▼
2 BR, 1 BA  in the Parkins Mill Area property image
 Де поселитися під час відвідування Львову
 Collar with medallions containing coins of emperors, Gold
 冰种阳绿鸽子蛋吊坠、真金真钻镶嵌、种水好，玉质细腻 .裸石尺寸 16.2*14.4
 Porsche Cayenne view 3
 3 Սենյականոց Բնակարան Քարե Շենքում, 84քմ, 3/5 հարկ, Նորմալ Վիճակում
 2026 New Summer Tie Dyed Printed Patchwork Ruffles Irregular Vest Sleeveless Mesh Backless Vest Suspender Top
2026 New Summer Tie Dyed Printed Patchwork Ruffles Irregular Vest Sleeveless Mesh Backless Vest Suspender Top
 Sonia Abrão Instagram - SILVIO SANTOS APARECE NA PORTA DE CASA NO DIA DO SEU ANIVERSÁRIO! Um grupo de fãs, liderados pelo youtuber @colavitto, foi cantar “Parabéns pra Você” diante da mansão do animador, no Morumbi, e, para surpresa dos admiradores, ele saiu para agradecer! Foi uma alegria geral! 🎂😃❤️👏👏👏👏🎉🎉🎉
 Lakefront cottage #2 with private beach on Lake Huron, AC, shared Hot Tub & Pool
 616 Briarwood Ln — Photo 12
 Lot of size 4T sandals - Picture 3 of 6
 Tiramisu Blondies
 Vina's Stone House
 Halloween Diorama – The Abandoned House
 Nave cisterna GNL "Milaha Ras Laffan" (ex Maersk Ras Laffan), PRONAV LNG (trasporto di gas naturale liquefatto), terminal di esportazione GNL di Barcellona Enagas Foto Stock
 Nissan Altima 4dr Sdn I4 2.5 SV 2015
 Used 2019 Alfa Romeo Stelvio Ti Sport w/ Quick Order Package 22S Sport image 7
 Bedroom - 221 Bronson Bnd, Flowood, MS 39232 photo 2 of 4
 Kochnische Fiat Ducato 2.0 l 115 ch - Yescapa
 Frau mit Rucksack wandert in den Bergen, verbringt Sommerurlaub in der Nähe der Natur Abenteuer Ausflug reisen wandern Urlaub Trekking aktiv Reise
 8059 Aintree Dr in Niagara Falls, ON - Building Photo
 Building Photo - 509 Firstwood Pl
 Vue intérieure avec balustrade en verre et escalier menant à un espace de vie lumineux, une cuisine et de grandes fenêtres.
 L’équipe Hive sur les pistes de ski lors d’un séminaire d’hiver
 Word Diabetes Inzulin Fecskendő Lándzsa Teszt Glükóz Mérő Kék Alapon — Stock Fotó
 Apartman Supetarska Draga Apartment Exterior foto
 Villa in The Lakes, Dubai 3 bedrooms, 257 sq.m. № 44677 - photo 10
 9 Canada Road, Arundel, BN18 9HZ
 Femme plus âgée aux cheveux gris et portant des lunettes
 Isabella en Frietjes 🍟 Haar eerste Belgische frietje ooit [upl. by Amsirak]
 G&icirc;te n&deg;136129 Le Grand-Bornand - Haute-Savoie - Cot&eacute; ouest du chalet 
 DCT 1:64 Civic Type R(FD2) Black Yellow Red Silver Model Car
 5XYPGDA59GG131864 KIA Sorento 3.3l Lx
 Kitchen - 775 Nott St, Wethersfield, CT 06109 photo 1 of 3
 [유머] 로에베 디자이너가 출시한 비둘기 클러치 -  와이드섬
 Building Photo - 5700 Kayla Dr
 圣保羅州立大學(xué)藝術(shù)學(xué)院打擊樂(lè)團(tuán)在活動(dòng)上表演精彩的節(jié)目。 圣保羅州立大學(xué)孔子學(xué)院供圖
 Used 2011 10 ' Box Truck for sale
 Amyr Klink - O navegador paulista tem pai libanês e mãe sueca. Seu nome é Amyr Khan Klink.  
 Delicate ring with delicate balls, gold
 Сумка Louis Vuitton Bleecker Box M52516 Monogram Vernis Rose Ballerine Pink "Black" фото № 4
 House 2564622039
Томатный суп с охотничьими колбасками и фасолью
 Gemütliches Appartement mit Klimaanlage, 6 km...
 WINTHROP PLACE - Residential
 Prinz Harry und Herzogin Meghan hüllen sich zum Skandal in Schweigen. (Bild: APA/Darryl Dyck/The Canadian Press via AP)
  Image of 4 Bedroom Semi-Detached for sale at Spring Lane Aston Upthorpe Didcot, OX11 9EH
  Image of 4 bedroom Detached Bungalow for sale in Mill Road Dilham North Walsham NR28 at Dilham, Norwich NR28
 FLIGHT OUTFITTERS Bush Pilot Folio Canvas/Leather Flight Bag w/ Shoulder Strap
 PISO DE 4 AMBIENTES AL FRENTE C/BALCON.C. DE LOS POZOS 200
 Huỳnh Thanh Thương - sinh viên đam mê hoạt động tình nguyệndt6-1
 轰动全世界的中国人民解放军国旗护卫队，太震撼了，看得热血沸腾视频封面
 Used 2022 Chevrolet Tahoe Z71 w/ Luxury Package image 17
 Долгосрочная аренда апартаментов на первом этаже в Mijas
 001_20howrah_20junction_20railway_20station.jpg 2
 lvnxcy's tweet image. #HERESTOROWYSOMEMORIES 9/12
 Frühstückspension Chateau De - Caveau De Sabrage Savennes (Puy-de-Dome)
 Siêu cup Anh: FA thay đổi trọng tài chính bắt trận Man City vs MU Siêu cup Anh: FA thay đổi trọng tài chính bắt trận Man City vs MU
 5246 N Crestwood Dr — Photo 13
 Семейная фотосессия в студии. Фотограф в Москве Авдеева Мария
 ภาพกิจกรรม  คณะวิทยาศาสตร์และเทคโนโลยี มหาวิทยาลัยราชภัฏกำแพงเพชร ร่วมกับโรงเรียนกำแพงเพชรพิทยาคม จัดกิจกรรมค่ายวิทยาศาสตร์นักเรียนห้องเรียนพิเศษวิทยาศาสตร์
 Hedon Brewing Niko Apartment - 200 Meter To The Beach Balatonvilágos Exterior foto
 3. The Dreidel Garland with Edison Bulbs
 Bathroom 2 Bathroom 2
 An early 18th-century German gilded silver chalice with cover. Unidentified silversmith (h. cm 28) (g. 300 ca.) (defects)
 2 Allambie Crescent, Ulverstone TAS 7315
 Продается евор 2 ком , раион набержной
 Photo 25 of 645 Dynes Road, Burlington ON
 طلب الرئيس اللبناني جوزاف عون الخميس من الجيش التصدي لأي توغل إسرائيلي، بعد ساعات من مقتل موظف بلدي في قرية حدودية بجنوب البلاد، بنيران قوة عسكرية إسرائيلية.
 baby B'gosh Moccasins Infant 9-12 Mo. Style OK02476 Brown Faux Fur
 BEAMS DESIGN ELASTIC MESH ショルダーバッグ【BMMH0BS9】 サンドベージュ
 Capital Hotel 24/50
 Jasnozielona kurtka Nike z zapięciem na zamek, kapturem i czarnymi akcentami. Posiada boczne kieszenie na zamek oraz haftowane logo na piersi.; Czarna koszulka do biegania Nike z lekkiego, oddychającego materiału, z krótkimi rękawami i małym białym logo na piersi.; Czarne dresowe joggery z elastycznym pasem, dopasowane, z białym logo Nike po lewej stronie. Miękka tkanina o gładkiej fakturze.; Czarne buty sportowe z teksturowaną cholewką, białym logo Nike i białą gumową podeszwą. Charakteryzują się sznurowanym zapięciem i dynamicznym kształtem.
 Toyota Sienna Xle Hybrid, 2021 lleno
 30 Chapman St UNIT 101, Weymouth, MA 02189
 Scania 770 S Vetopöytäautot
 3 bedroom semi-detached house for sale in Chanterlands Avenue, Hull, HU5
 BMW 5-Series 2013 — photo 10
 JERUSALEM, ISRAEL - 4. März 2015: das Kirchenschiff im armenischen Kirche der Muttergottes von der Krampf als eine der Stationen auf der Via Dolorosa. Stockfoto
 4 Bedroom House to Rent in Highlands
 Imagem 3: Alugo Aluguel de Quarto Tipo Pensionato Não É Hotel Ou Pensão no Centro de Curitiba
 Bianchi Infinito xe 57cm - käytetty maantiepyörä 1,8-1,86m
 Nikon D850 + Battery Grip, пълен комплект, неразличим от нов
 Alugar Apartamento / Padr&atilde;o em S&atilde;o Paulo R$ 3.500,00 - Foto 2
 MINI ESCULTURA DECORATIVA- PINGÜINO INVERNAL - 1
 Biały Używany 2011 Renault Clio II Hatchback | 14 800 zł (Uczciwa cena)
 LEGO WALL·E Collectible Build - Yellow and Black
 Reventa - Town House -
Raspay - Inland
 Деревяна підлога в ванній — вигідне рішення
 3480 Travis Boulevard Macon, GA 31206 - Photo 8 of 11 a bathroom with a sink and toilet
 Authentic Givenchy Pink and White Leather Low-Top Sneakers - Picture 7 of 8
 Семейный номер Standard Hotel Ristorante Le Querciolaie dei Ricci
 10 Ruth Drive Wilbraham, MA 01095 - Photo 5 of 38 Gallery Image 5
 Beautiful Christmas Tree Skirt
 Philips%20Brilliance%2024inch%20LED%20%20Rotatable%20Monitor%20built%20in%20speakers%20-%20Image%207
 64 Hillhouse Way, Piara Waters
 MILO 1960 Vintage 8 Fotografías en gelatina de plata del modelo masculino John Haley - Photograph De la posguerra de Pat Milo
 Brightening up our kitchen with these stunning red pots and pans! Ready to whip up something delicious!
▲
* [Task item]: Would you retype exactly the lines above, from the line with "3480 Travis Boulevard" to the line with "MILO 1960 Vintage", with both end lines kept and nothing more?

* [Result for this task]:
 3480 Travis Boulevard Macon, GA 31206 - Photo 8 of 11 a bathroom with a sink and toilet
 Authentic Givenchy Pink and White Leather Low-Top Sneakers - Picture 7 of 8
 Семейный номер Standard Hotel Ristorante Le Querciolaie dei Ricci
 10 Ruth Drive Wilbraham, MA 01095 - Photo 5 of 38 Gallery Image 5
 Beautiful Christmas Tree Skirt
 Philips%20Brilliance%2024inch%20LED%20%20Rotatable%20Monitor%20built%20in%20speakers%20-%20Image%207
 64 Hillhouse Way, Piara Waters
 MILO 1960 Vintage 8 Fotografías en gelatina de plata del modelo masculino John Haley - Photograph De la posguerra de Pat Milo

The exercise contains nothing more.